Comme une photo volée sur le champ de bataille: instantanée, surprenante, terrible et vraie. Ce sont là aussi les traits de caractère du biopic sur la mannequin et reporter de guerre Elizabeth, dite Lee, Miller (1907-1977). Quelle surprise! Le film avait tout pour signer un raté ennuyeux, convenu, militant voire moralisateur. Forcément, mettre en scène la vie d’une femme profondément féministe, qui a cultivé l’amour libre, abandonné son fils, posé nue et qui s’est battue pour obtenir une place en tant que femme dans la presse de guerre, aurait dû peser lourd sur la balance du cinéma bienséant. Mais c’est une tout autre position qu’adopte la trame face à l’objectif. Si le scénario ne crache pas sur la vie mouvementée de Lee – et il n’y aurait pas eu de quoi! –, il ne la porte pas aux nues non plus. C’est là tout l’intérêt. L’approche du personnage est complexe. La fréquentation de ses amis artistes et libertins est montrée à la fois dans toute sa splendeur et toute sa misère. Sa vie sexuelle est placée en contraste entre la libération qu’elle lui procure, autant que dans l’addiction, autrement dit dans l’esclavage. En somme, ce n’est pas une héroïne «femme-courage» qui est présentée, mais une femme blessée depuis l’enfance, dont l’éthique personnelle boîte méchamment. En matière d’éthique justement, le film emmène son spectateur au sein d’une réflexion: quel rapport entretenir à l’image quand celle-ci raconte des drames?

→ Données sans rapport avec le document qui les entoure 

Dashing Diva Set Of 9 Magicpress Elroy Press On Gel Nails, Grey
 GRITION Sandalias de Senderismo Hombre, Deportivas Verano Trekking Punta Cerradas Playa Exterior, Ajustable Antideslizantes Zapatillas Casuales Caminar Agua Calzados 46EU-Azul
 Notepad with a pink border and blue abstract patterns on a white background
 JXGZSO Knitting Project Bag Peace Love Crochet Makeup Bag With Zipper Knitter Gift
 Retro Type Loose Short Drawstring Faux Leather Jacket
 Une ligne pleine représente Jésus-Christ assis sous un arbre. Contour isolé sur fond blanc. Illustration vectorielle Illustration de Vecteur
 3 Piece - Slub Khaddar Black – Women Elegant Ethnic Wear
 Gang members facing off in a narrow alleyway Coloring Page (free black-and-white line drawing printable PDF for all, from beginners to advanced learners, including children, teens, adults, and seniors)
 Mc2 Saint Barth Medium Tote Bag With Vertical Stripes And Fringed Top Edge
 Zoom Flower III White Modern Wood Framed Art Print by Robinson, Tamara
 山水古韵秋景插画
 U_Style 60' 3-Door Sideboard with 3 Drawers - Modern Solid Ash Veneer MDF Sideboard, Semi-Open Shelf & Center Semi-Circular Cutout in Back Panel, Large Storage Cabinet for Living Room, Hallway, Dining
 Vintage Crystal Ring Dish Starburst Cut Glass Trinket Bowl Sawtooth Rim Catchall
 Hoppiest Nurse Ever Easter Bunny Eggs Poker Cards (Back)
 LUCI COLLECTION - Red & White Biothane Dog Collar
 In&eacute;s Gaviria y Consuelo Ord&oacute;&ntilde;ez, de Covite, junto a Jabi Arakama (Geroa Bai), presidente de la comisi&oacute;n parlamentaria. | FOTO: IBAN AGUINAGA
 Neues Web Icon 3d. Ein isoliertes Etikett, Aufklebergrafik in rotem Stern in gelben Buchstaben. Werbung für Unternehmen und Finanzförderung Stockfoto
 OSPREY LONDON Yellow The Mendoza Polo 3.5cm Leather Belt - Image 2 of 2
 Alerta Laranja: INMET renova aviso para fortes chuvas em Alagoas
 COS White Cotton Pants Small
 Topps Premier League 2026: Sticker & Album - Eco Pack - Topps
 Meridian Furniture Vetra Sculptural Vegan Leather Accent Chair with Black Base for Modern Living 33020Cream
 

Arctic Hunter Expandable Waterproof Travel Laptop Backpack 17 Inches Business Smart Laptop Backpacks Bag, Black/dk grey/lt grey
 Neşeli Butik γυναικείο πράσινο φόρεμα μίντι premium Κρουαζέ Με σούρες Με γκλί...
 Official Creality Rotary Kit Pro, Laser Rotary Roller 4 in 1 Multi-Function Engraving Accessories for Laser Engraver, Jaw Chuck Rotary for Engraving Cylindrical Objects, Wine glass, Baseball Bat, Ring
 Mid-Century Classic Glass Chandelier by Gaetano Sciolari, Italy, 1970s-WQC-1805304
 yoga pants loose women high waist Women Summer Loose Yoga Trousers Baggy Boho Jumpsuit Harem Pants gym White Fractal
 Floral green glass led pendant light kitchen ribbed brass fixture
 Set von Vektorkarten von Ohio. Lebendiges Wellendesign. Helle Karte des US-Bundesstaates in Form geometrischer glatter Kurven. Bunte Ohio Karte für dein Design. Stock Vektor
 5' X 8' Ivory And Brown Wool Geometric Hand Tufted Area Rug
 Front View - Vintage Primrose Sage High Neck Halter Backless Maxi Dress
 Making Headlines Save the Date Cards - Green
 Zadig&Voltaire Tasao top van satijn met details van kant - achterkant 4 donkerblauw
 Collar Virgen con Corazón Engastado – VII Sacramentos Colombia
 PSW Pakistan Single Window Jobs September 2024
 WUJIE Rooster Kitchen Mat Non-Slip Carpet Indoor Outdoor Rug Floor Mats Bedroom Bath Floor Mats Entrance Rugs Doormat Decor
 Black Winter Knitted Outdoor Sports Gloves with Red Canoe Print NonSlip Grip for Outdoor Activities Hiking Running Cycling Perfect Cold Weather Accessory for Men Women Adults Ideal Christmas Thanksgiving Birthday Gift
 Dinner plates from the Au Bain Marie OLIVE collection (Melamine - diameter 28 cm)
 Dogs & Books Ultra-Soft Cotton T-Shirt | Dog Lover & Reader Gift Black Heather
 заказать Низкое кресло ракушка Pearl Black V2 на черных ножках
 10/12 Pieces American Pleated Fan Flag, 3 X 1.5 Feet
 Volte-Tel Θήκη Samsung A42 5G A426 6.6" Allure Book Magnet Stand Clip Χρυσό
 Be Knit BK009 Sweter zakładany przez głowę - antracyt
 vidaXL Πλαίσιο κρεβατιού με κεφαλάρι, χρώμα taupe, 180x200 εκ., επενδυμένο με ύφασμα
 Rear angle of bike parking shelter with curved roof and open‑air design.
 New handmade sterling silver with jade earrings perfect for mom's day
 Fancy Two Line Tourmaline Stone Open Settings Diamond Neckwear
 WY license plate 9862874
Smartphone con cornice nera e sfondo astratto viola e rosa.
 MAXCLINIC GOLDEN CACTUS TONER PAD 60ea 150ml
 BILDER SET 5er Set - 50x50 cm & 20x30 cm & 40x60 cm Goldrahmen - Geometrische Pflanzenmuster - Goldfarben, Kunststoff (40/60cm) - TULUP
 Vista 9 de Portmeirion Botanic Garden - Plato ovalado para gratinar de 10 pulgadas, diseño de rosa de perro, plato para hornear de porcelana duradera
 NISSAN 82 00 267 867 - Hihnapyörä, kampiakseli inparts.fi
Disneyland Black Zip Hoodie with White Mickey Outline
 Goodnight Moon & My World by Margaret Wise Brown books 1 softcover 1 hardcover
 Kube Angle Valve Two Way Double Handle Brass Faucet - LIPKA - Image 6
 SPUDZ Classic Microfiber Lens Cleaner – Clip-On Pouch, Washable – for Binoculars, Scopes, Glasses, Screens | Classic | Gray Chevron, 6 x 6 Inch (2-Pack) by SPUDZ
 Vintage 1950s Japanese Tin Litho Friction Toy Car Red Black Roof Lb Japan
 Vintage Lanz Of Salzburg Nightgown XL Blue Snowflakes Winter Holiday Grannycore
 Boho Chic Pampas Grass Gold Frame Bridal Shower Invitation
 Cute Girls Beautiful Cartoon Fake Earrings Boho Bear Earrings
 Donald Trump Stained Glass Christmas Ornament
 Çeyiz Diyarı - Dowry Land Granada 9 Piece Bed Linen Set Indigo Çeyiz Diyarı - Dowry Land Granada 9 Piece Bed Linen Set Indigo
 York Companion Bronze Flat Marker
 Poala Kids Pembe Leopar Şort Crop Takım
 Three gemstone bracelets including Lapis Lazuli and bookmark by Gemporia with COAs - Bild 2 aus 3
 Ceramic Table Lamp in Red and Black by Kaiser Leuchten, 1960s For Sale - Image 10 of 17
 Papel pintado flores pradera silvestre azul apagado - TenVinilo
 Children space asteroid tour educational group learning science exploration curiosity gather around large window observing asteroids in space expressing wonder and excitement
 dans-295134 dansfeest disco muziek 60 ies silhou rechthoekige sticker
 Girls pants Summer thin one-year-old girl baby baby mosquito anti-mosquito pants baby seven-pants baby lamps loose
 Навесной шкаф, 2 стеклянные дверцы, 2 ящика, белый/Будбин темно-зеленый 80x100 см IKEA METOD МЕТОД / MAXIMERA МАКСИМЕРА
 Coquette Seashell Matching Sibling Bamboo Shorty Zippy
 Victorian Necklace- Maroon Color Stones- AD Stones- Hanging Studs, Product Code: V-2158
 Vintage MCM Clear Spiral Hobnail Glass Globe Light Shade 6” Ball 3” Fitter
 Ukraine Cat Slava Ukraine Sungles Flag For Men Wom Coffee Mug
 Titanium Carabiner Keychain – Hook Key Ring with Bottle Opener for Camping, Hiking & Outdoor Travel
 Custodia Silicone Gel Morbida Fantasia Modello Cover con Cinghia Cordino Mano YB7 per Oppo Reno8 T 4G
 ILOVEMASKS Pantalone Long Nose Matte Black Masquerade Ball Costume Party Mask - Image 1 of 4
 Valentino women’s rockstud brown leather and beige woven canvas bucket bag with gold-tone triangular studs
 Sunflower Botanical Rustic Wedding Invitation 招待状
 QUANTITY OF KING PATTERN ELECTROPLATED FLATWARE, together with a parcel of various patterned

Le malaise de Lee Miller traduit cette question lorsqu’elle peine à détendre la gâchette de son Rolleiflex face aux horreurs de la guerre. Et summum de l’horreur, la découverte des camps de concentration par celle-ci qui nous donne de revivre une page d’Histoire à travers son histoire. Bien qu’installé au chaud sur son fauteuil, le spectateur vit avec Kate Winslet, qui interprète Miller à merveille, une émotion foudroyante et pénétrante. Le tout porté par une musique, signée Desplat, qui donne au film un rythme effréné et qui accompagne émotionnellement le public tout du long. Quant à la forme narrative, elle reste très classique; ce qui ne l’empêche pas de rester une excellente – et complexe! – surprise.